Asked whether Rohat Teahouse, Lohuti Theater and TSUM will be demolished as part of the ambitious municipal redevelopment plan, Dushanbe officials did not give a specific answer, noting only that “there is a list of buildings and monuments of historical value.”   

The municipal redevelopment plan of Dushanbe includes the construction of modern buildings.  The authorities have moved many historical buildings located in close proximity to the construction site for modern buildings and the first was the building of the Main Post Office.  

The authorities then demolished the Mayakovsky Russian Drama Theater.  Recall, the founding of the Tajik Soviet Socialist Republic was declared at the Mayakovsky Theater in 1929.

The decision to demolish the former presidential palace, which had once been the headquarters of the Tajik Communist Party, was made in February 2020.  Built in 1957 to commemorate the 40th anniversary of the October Revolution, the almond-colored neoclassical building was perceived by many to be inextricably linked to the country’s history.  This historic building was demolished to make space for a new, Chinese government-funded palace that will be the centerpiece of a new government complex.

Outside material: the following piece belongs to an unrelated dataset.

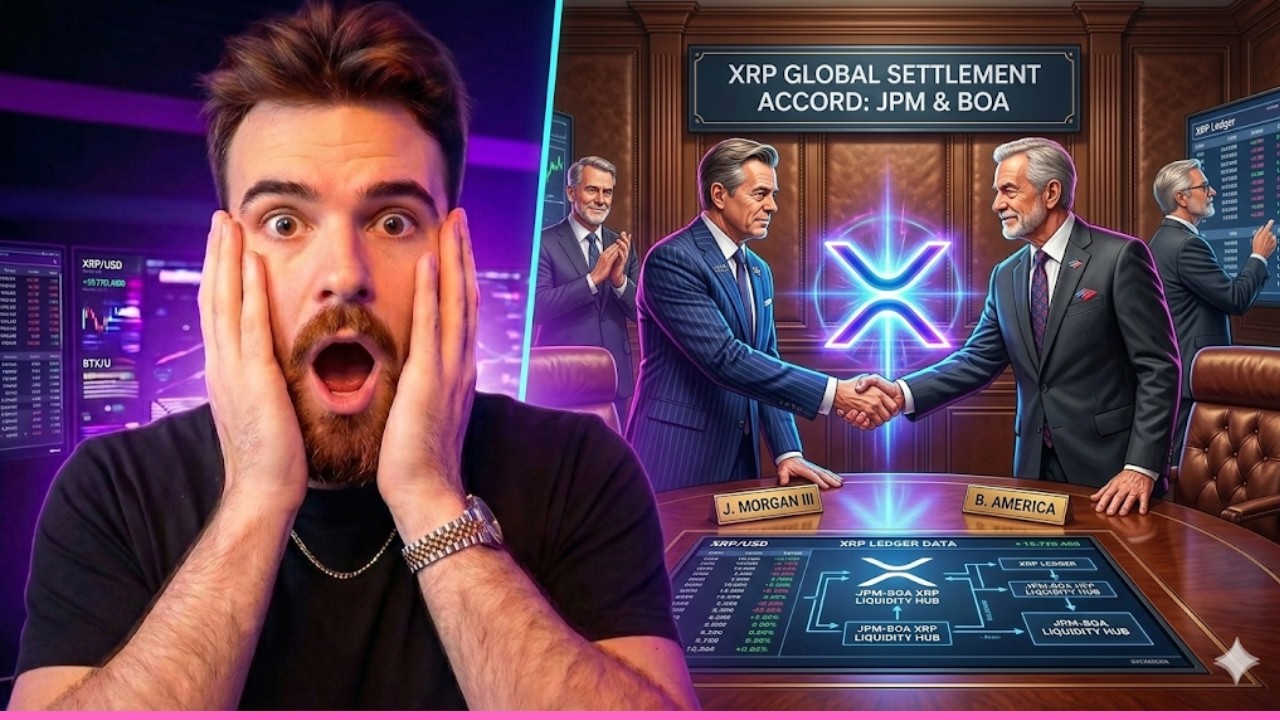 XRP The Proof We needed.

A string of high-profile demolitions soon followed across Dushanbe.  There was the Jomi cinema, which when it was erected in the city’s main square in 1956 was one of only five panoramic cinemas in the Soviet Union. Then, in March 2017, the city administration building – built in the 1950s in a style that combined classical European and local architecture – was demolished.

A year later, the city decided to demolish the Green Theatre, a 1933 building that in the 1940s had hosted theatre troupes evacuated from Leningrad and Moscow during the Nazi invasion; the building was demolished in September 2020.

Plans to demolish some of the most popular landmarks in Dushanbe have sparked outrage and city residents have repeatedly signed petitions addressed to the president and Dushanbe mayor.